#### Exercise description:
Return only these lines: the one that contains "سوناتا ٢٠١٨ • وارد امريكي • حادث" and every line after it through the end of the listing, exactly, without pictures.

#### Material provided:
--- START ---

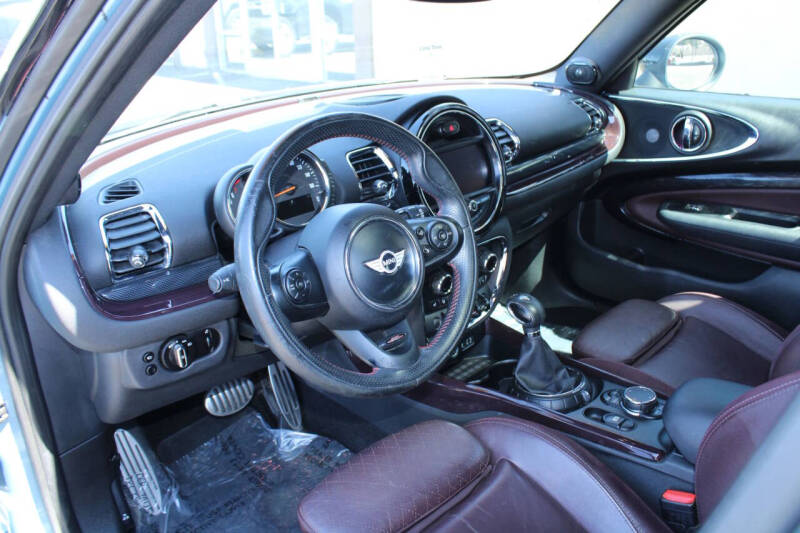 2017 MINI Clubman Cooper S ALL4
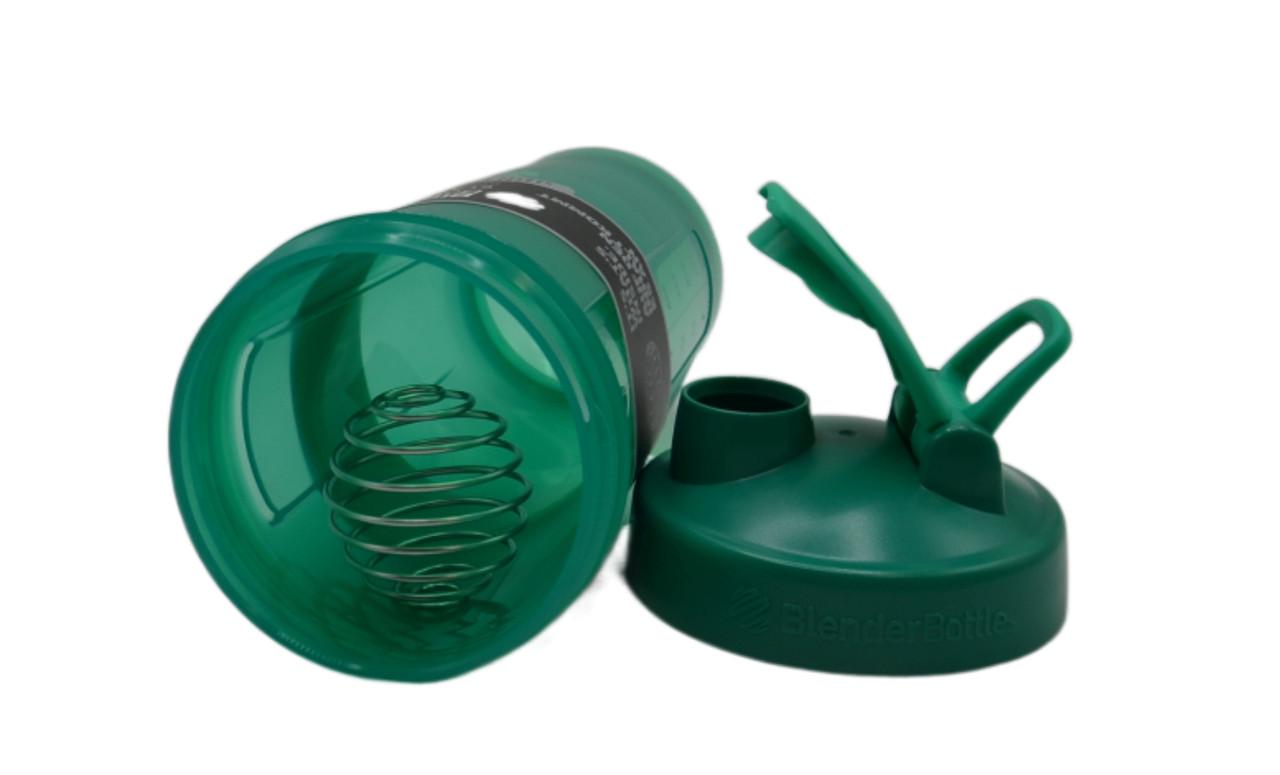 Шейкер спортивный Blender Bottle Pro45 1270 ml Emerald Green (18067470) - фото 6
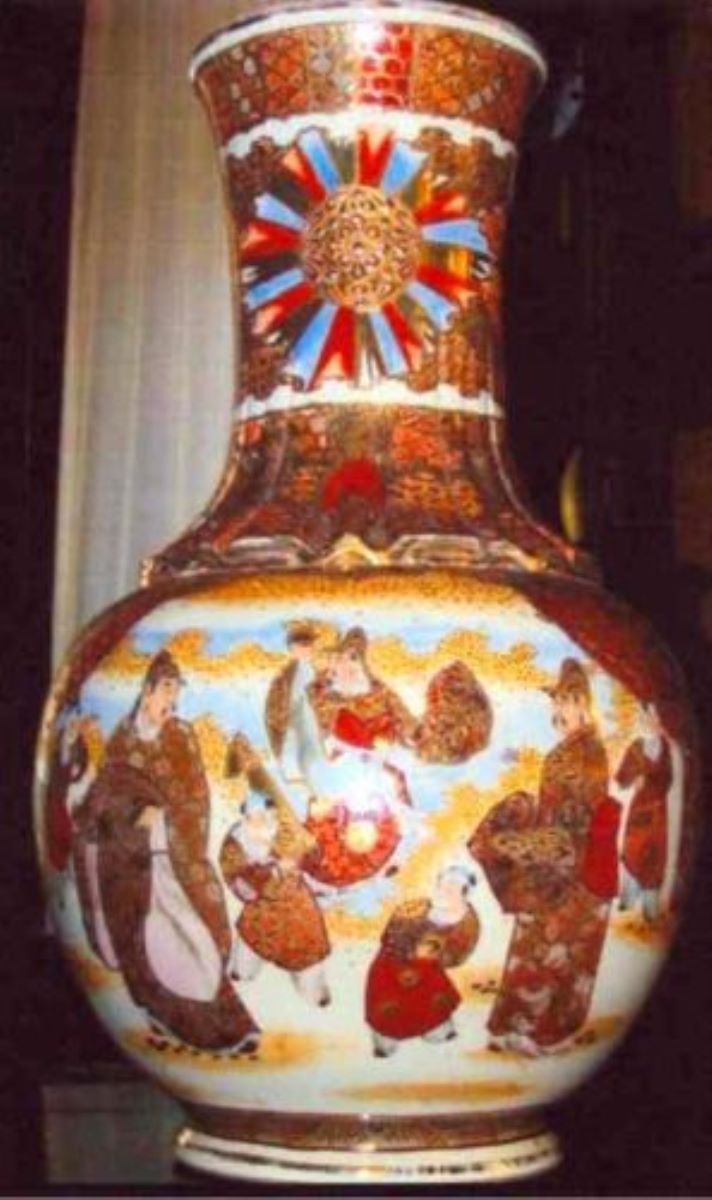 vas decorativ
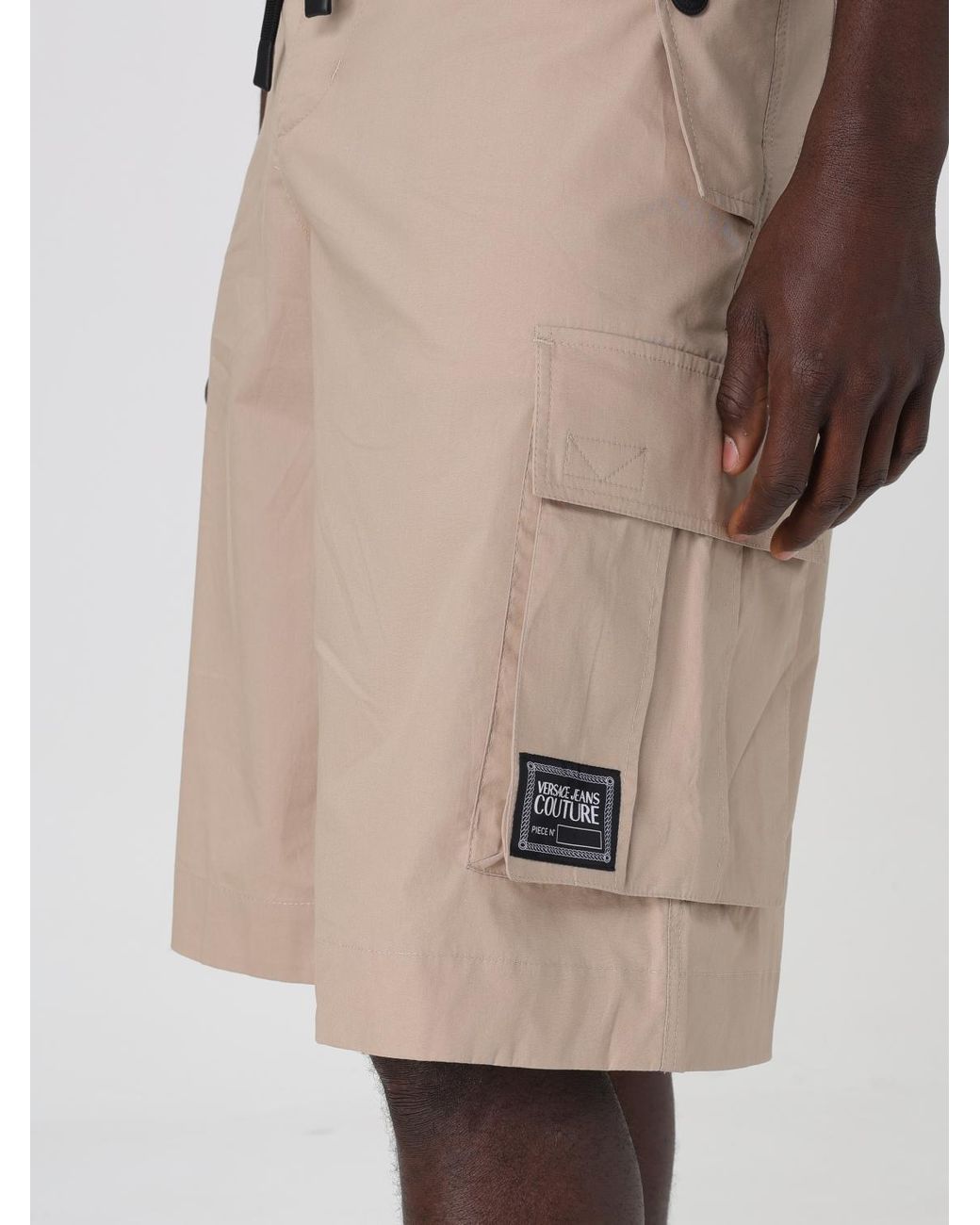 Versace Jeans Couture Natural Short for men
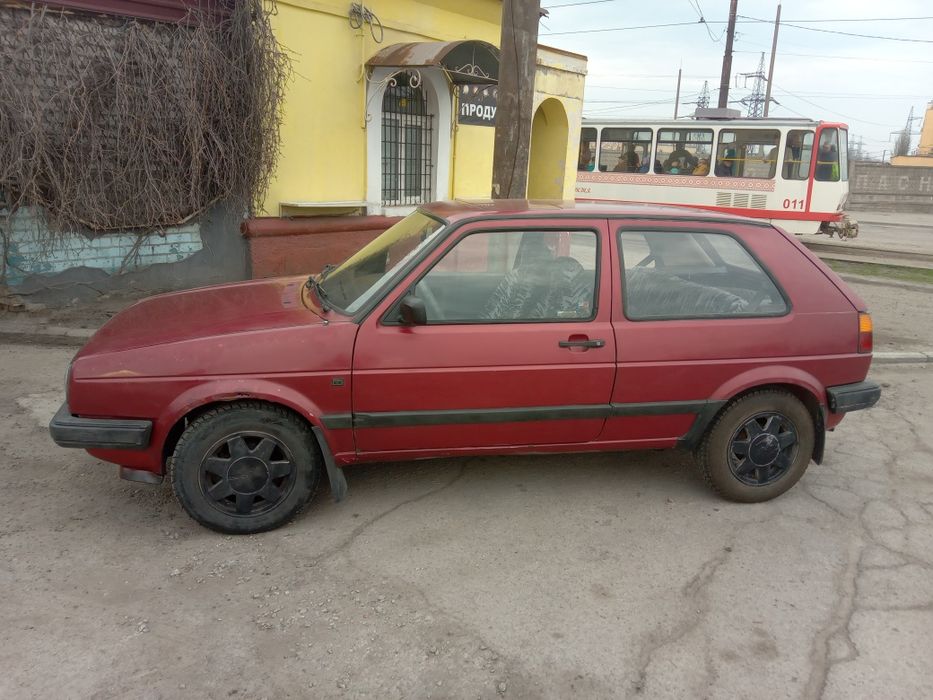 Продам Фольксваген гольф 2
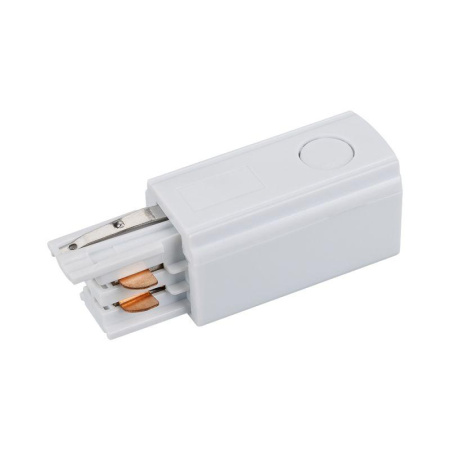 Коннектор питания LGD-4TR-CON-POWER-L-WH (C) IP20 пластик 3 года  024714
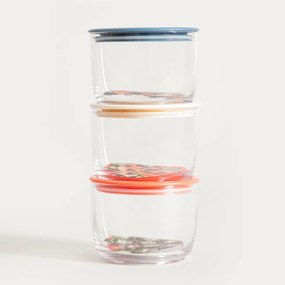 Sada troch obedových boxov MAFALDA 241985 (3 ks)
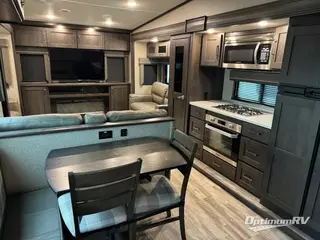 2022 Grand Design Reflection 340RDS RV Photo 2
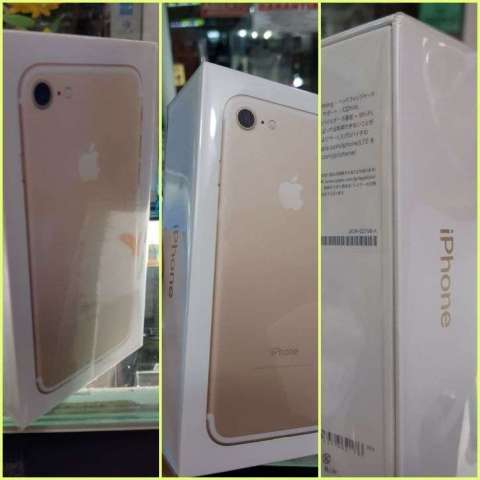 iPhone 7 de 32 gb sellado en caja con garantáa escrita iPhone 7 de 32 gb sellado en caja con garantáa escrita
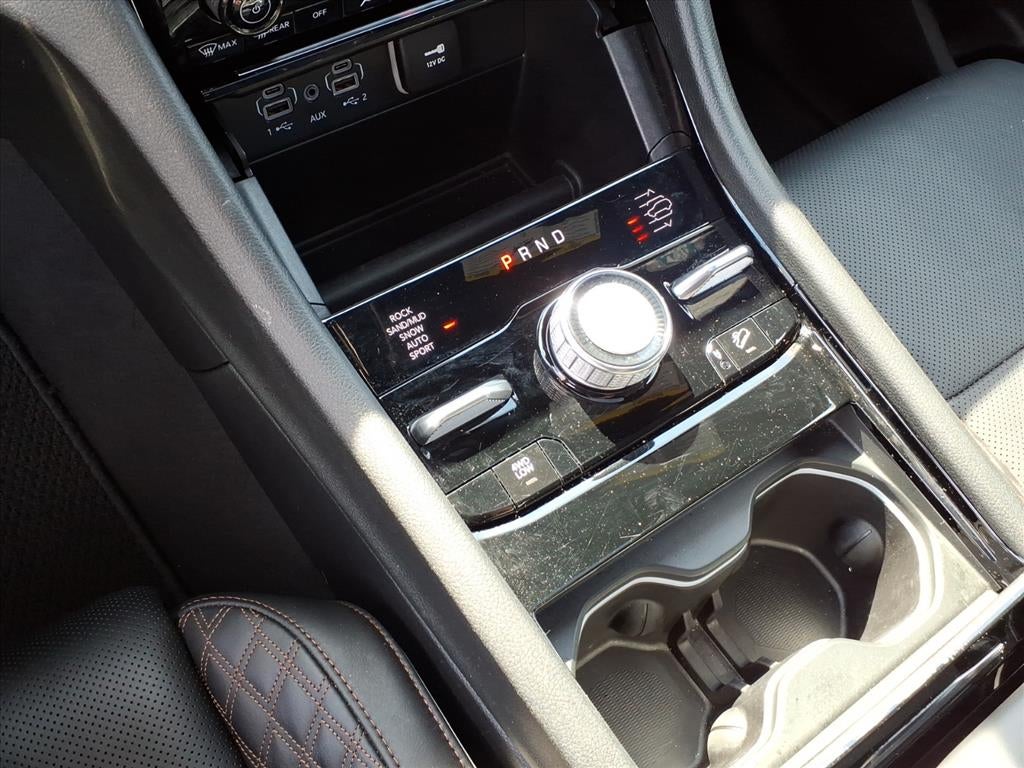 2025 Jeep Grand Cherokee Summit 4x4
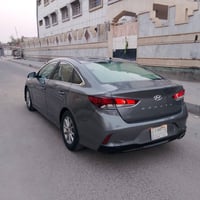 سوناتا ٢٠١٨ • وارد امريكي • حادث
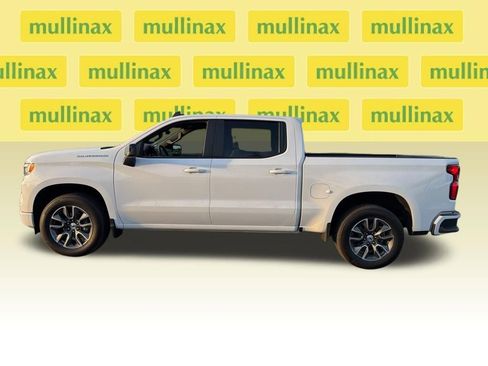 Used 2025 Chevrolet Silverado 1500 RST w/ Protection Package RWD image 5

--- END ---

#### Output below:
 سوناتا ٢٠١٨ • وارد امريكي • حادث
 Used 2025 Chevrolet Silverado 1500 RST w/ Protection Package RWD image 5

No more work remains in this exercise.